No specific laws identified for this ruling.

Outcome

The court reversed in part the Maine Unemployment Insurance Commission's decision disqualifying the petitioner from benefits. While finding substantial evidence supported the moonlighting policy violation regarding the website work, the court found insufficient evidence of the software licensing violation at the time of discharge and remanded for further consideration of whether misconduct was properly established.

What This Ruling Means

**French v. Maine Unemployment Insurance Commission: Website Work Leads to Mixed Ruling on Unemployment Benefits** This case involved a worker named French who was fired by E.J. Prescott, Inc. and then denied unemployment benefits.
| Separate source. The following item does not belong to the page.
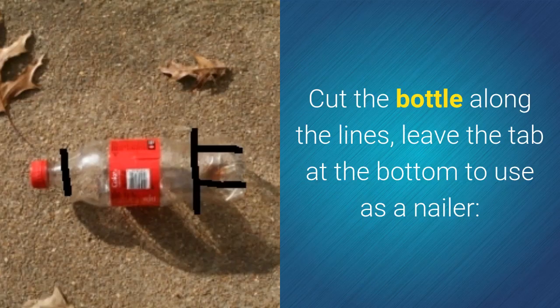Cut the bottle along the lines as shown, and leave the tab at the bottom to use as a mailer.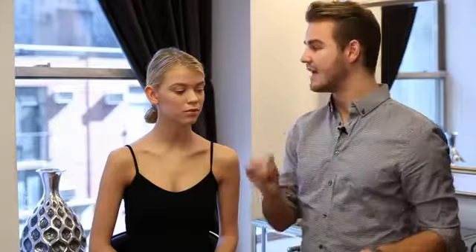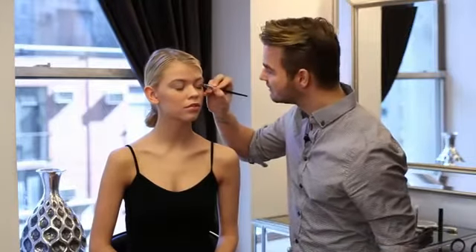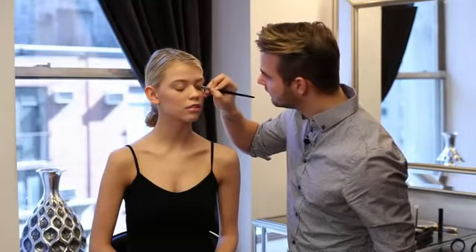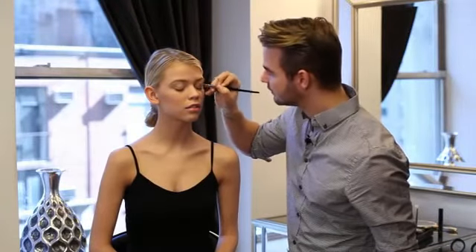I'm just using a regular eyeshadow brush — this is in the shape of what people call a finger brush or a paddle brush. I'll go right into the product, lightly pick some up. This is a one-shadow, one-color kind of application. I pick up the product, tap off some of the excess, then I just lightly put this color all over her lid from her lash line to her crease.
The Maine Unemployment Insurance Commission said French was disqualified from receiving benefits because he had committed workplace misconduct. Specifically, the company claimed French violated their moonlighting policy by doing website work and also violated software licensing rules. French challenged this decision in court, arguing he should be eligible for unemployment benefits. The court partially sided with French. The judge agreed there was enough evidence that French violated the company's moonlighting policy regarding his website work. However, the court found there wasn't sufficient evidence to prove French violated software licensing rules at the time he was fired. The court sent the case back to the unemployment commission to reconsider whether French's actions actually constituted misconduct that would disqualify him from benefits. This ruling matters for workers because it shows that unemployment benefit denials can be successfully challenged in court. Even when some workplace rule violations are proven, workers may still be eligible for benefits if the evidence of misconduct isn't strong enough or if other violations can't be properly established.

This summary was generated to explain the ruling in plain English and is not legal advice.